Figure 4 shows the power consumption for the mapping yield by the compared strategies, regarding best results. We can see that the three mutation variants adopted for DEMO offer better results than MOPSO. Among these three, Best shows the best performance.

Fig. 4.
figure 4

Comparison of power consumption obtained for each mapping strategy

Also, Fig. 5 provides a comparison of the results regarding execution time, considering the best quality mapping. As can be seen, the performance of DEMO, based on Best mutation strategy, is better than those obtained by MOPSO and the other mutation strategies for DEMO.

Fig. 5.
figure 5

Comparison of execution time obtained for each mapping strategy

Finally, Fig. 6 shows the comparison of the required hardware area related to the mapping obtained by the compared strategies. Here, also, the performance of DEMO is better than that of MOPSO. Among the mutation strategies for DEMO, we can see that Best proves to be the best option.

Fig. 6.
figure 6

Comparison of area requirements obtained for each mapping strategy

7 Conclusion

The problem of assigning and mapping IPs into a NoC platform is NP-hard. There are three objectives to be optimized: area required, execution time and power consumption. In this paper, we propose a Multi-Objective algorithm based on Differential Evolution (DEMO) to help NoC designers during the mapping step onto a 3D mesh-based NoC platform, based on pre-selected set of IPs.

We use the same objective functions and the same TGs used in [13], where we applied a Multi-Objective algorithm based on Particle Swarm Optimization (MOPSO), to evaluate the performance of the proposed algorithm.
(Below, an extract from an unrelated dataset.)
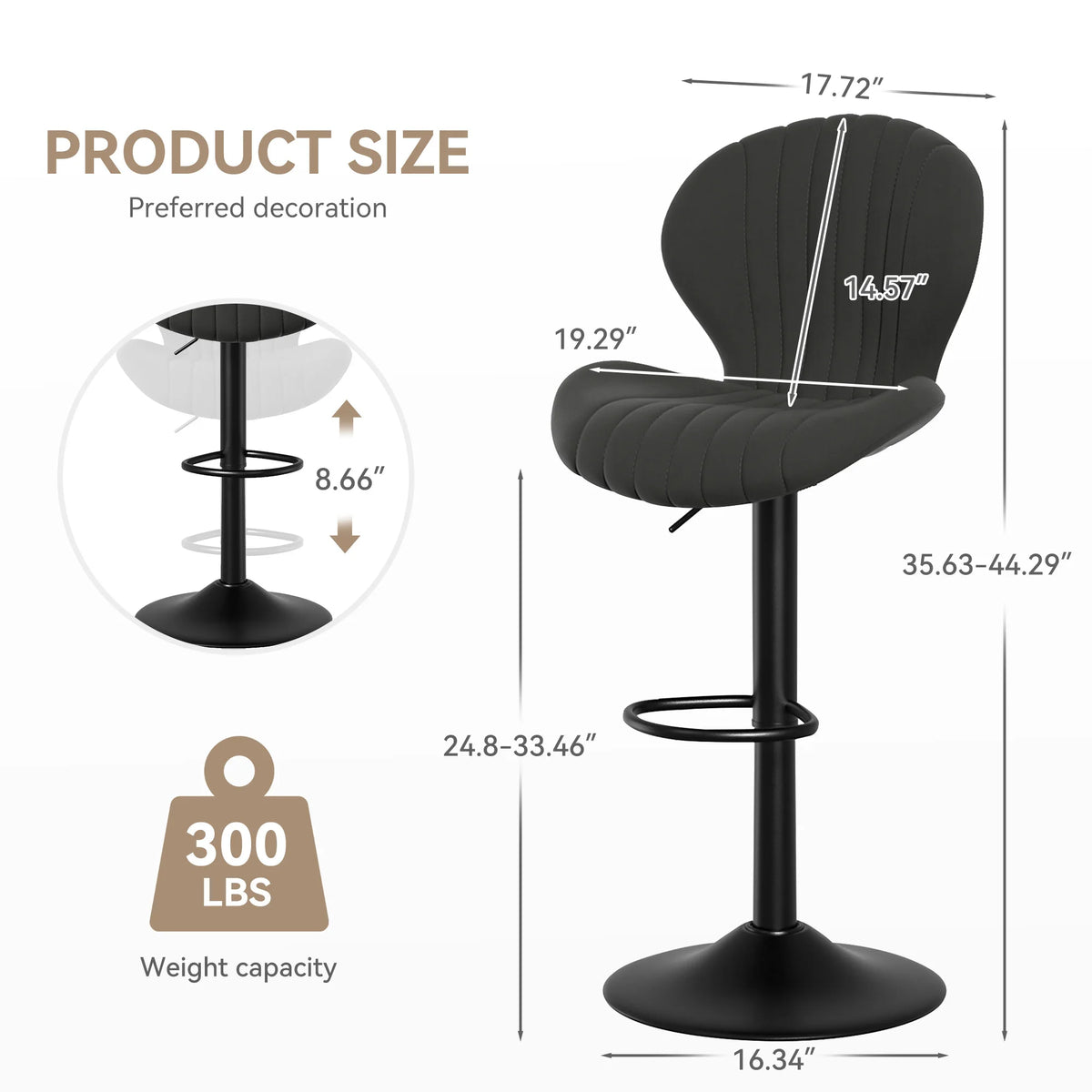 2pcs Bar Chair, 360° Rotating, Adjustable Height, Artificial Leather Upholstered With Backrest, Suitable For Dining Room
Besides this, the DEMO algorithm offers three strategies, related to variations of the mutation operation: Rand, Best, Current-to-Best. The strategy based on Best presents better performance than the other strategies. We also compare the results obtained by the DEMO algorithm to those obtained by MOPSO algorithm, where DEMO proves to be better than MOPSO. It is interesting to highlight that DEMO requires only two parameters to be set, while MOPSO requires three parameters.

For future work, we plan to experiment with other strategies in the DEMO algorithm and also to use other scheduling algorithms, such as List Schedulling and As Late as Possible.